INFORMATION SHOWN:
○ ○ ○ ○ ○ ○ ○

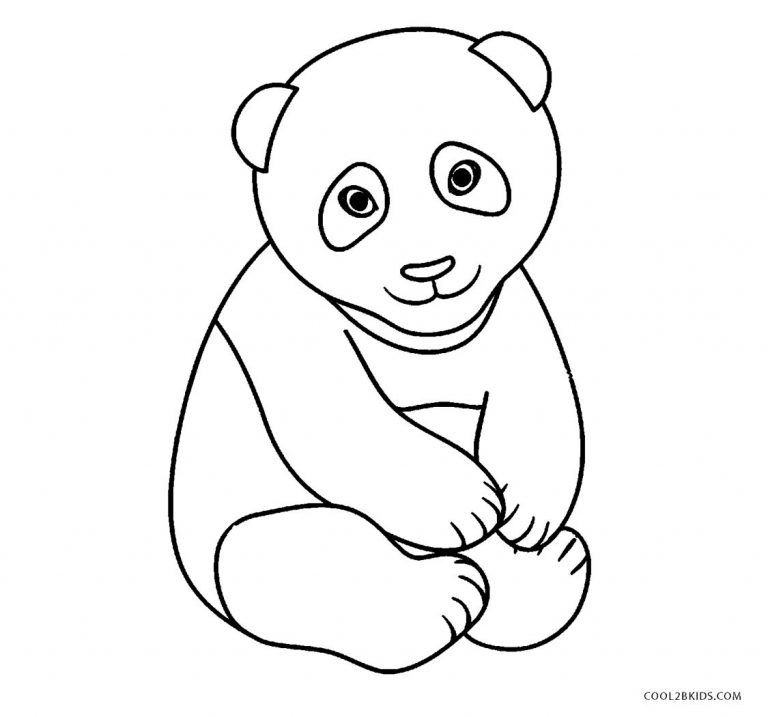 Free printable panda coloring pages for kids panda coloring pages bear coloring pages animal coloring pages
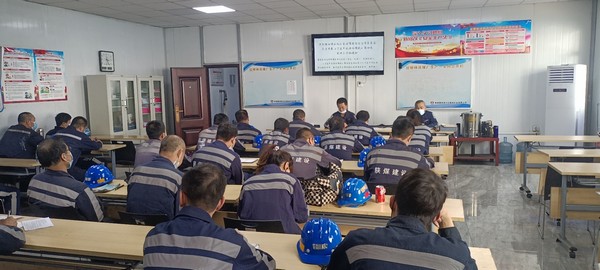 陜煤建設洗選煤運營公司：夯實班組建設  助力安全生產(chǎn)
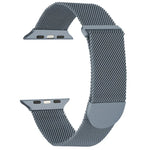Dây đồng hồ kim loại Milanese khóa nam châm, Dành cho Apple Watch 42mm, Dành cho Apple Watch 38mm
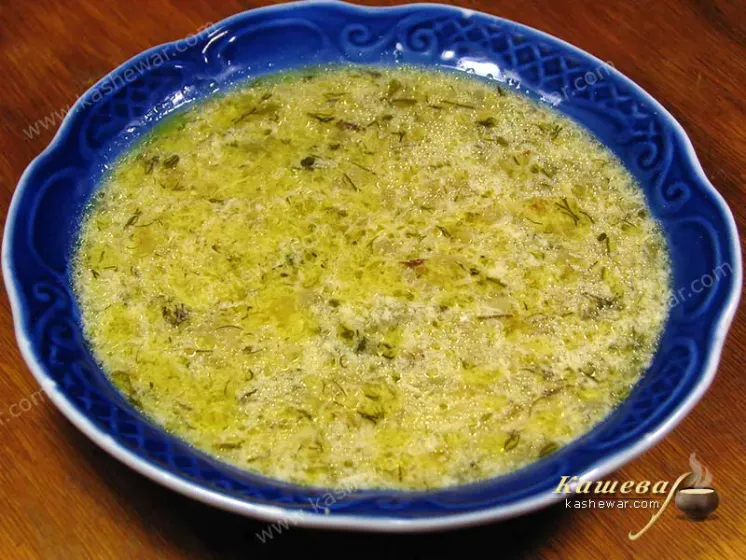Чихіртма – рецепт з фото, грузинська кухня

○ ○ ○ ○ ○ ○ ○

REQUIRED WORK:
Where the line containing "Dây đồng hồ" appears above, start there and set down each line exactly through the last line of the data; leave out every picture.

WORKED SOLUTION:
Dây đồng hồ kim loại Milanese khóa nam châm, Dành cho Apple Watch 42mm, Dành cho Apple Watch 38mm
Чихіртма – рецепт з фото, грузинська кухня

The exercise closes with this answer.